▶ **About this exercise**
Within the records below, repeat each line exactly but keep every picture out of the copy.

▶ **Exercise material**
○ ○ ○ ○

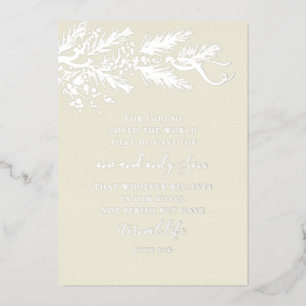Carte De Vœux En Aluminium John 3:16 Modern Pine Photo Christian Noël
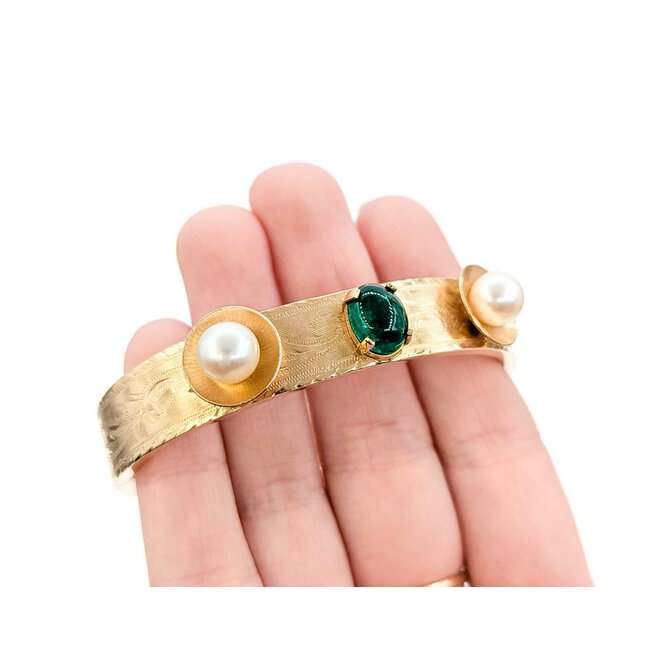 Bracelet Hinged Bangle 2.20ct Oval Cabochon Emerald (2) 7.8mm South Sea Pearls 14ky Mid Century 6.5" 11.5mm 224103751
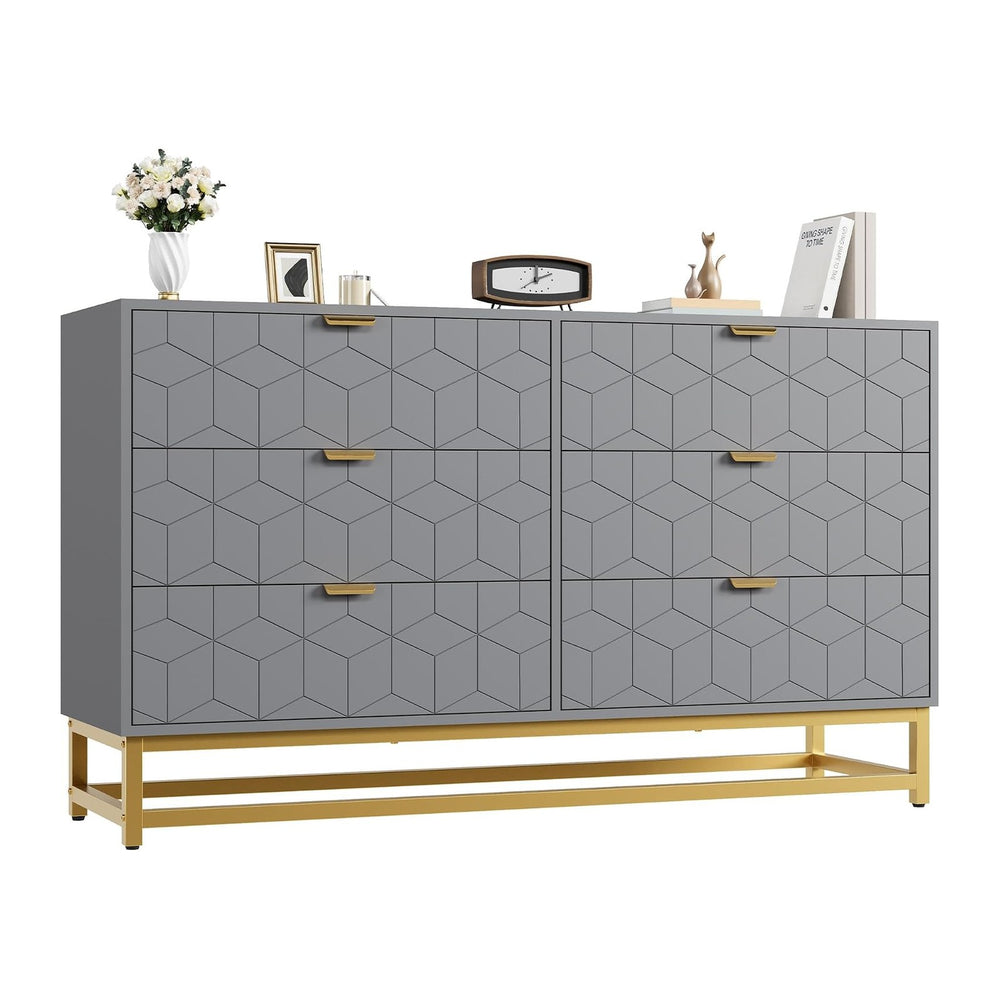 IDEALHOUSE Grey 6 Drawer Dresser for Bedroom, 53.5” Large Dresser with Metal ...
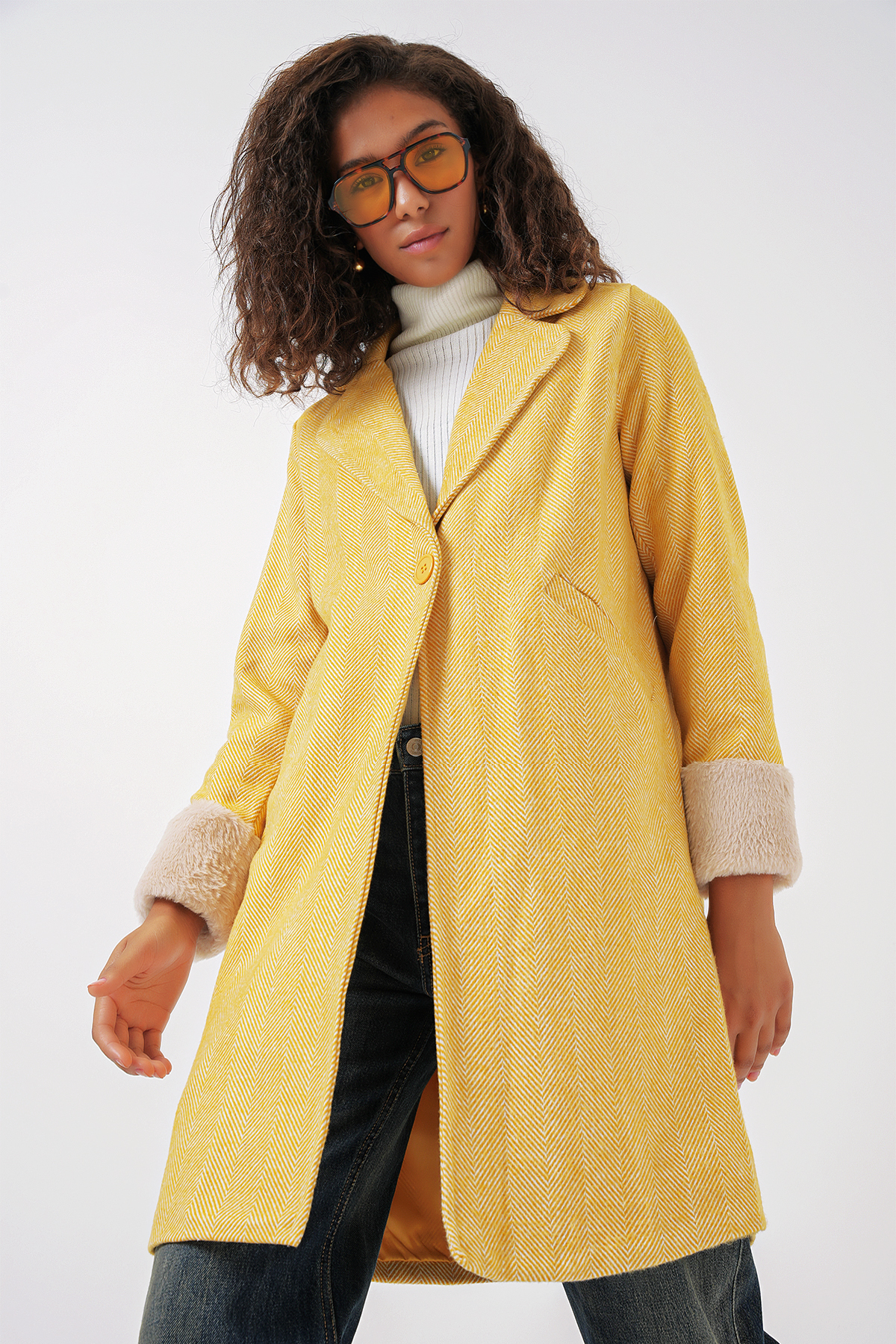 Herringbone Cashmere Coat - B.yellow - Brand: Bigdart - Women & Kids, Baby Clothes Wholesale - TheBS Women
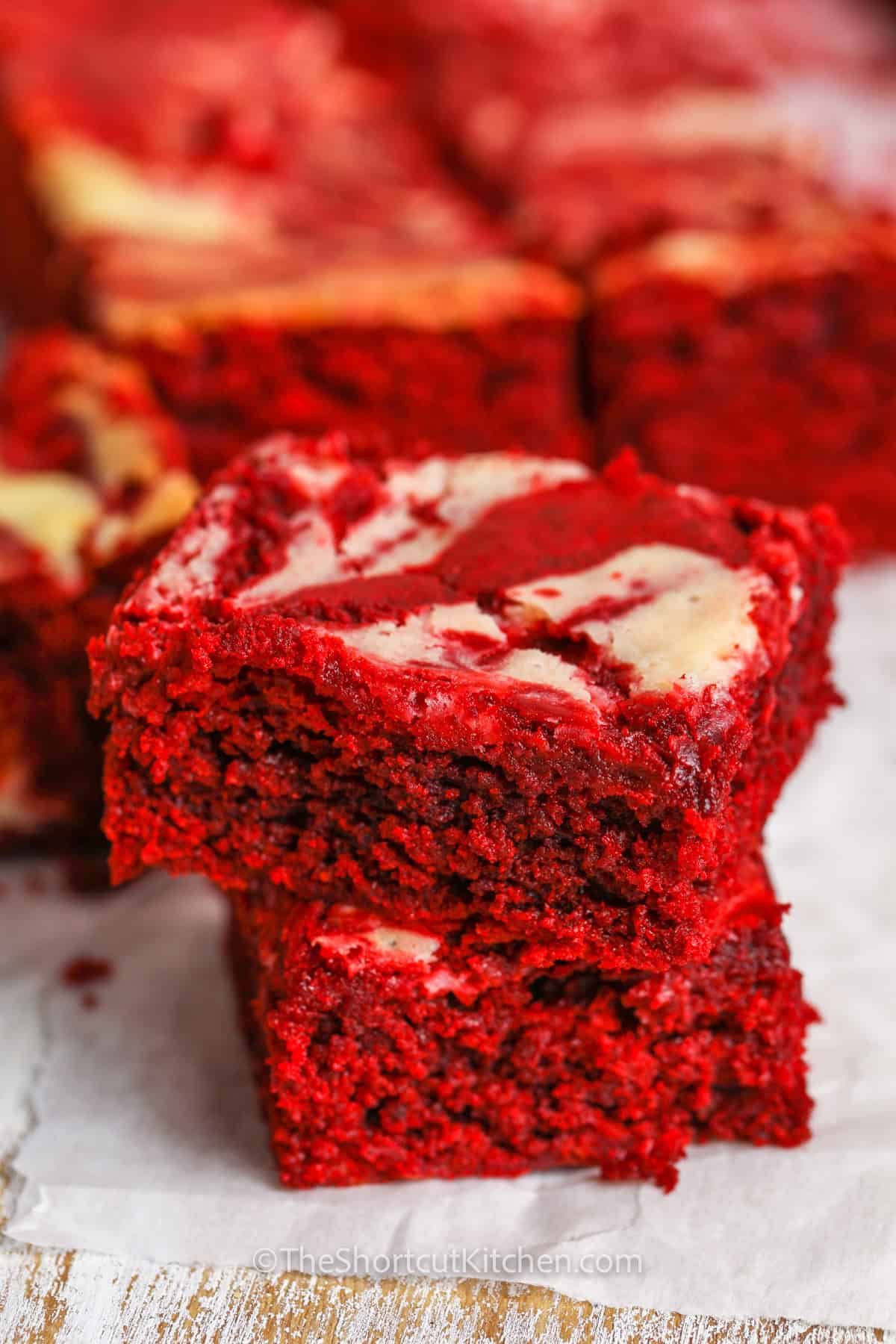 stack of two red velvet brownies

○ ○ ○ ○

▶ **Output of the exercise**
Carte De Vœux En Aluminium John 3:16 Modern Pine Photo Christian Noël
 Bracelet Hinged Bangle 2.20ct Oval Cabochon Emerald (2) 7.8mm South Sea Pearls 14ky Mid Century 6.5" 11.5mm 224103751
 IDEALHOUSE Grey 6 Drawer Dresser for Bedroom, 53.5” Large Dresser with Metal ...
 Herringbone Cashmere Coat - B.yellow - Brand: Bigdart - Women & Kids, Baby Clothes Wholesale - TheBS Women
 stack of two red velvet brownies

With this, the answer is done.